Ignoring every picture, return the lines of the listing below word for word, from the line that holds "Sobreviventes do ataque" through the line that holds "Choosing the Right Flowers for Your Wedding".

## SUPPLIED DATA
========

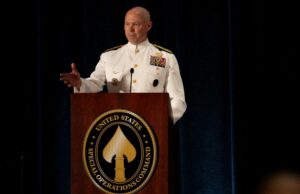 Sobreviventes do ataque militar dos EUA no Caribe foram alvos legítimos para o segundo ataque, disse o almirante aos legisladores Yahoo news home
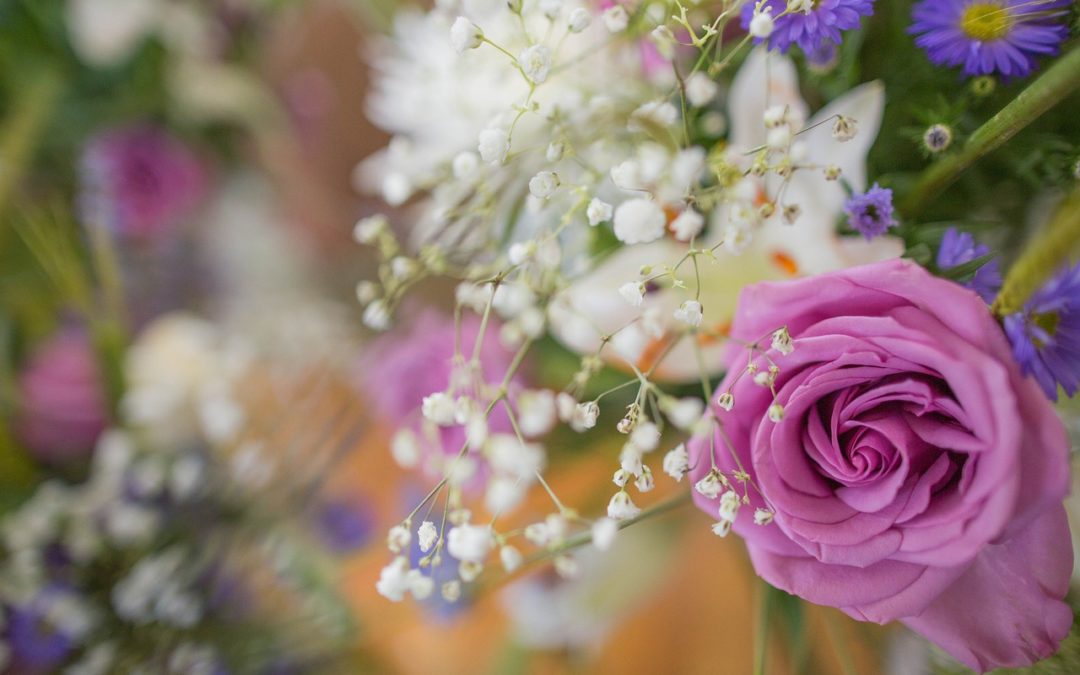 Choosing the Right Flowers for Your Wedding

========

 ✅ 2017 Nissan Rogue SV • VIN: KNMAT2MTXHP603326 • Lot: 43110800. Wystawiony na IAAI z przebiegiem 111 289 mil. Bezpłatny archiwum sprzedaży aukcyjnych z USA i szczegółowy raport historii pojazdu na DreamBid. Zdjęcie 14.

========

## YOUR SOLUTION
 Sobreviventes do ataque militar dos EUA no Caribe foram alvos legítimos para o segundo ataque, disse o almirante aos legisladores Yahoo news home
 Choosing the Right Flowers for Your Wedding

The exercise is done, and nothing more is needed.